Во все времена война служила великолепным и постоянно новым предметом для размышления. Нужно, увы, признать несомненным, что большинство наших усилий и изобретений имеет своей конечной целью войну и делает из нее нечто вроде дьявольского зеркала, в котором в обратном виде отражаются успехи нашей цивилизации.

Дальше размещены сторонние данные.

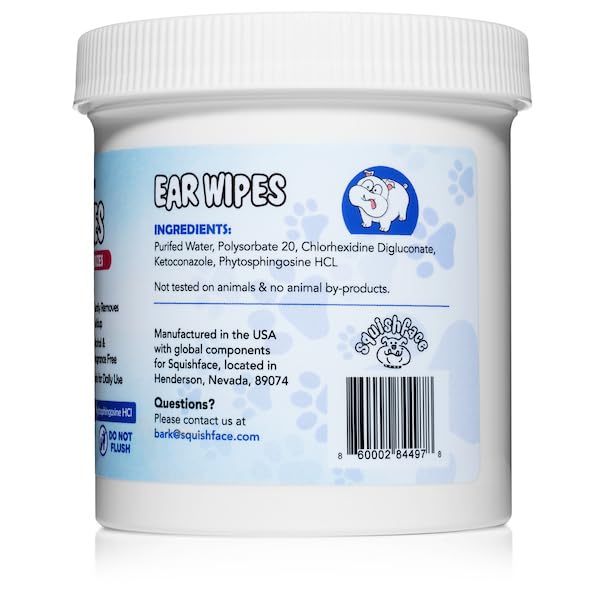 Squishface all-breeds-safe wipes for daily ear care.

Я намерен теперь рассмотреть войну лишь с одной точки зрения – с целью лишний раз доказать, что по мере того, как мы отвоевываем что-либо у неведомых нам сил природы, мы еще больше сами попадаем под их власть. Как только мы уловили новый луч среди сумерек или среди наружного сна природы, как только мы открыли новый источник энергии, мы становимся часто их жертвами и почти всегда их рабами. Можно думать, что, желая освободить себя самих, мы на самом деле освобождаем каких-то опасных врагов. Правда, враги эти с течением времени подчиняются нам и оказывают услуги, без которых мы не могли бы обойтись. Но едва кто-либо из них покорился нам и просунул голову под ярмо, как тотчас же он приводит нас на след другого, гораздо более опасного противника, и таким образом жребий наш становится все более и более славным и все более и более шатким. Впрочем, среди этих противников есть и такие, которые кажутся навсегда неукротимыми. Но может быть, они лишь потому не усмиряются, что искуснее других умеют задевать дурные инстинкты нашего сердца, которые на много столетий остаются позади нашего разума.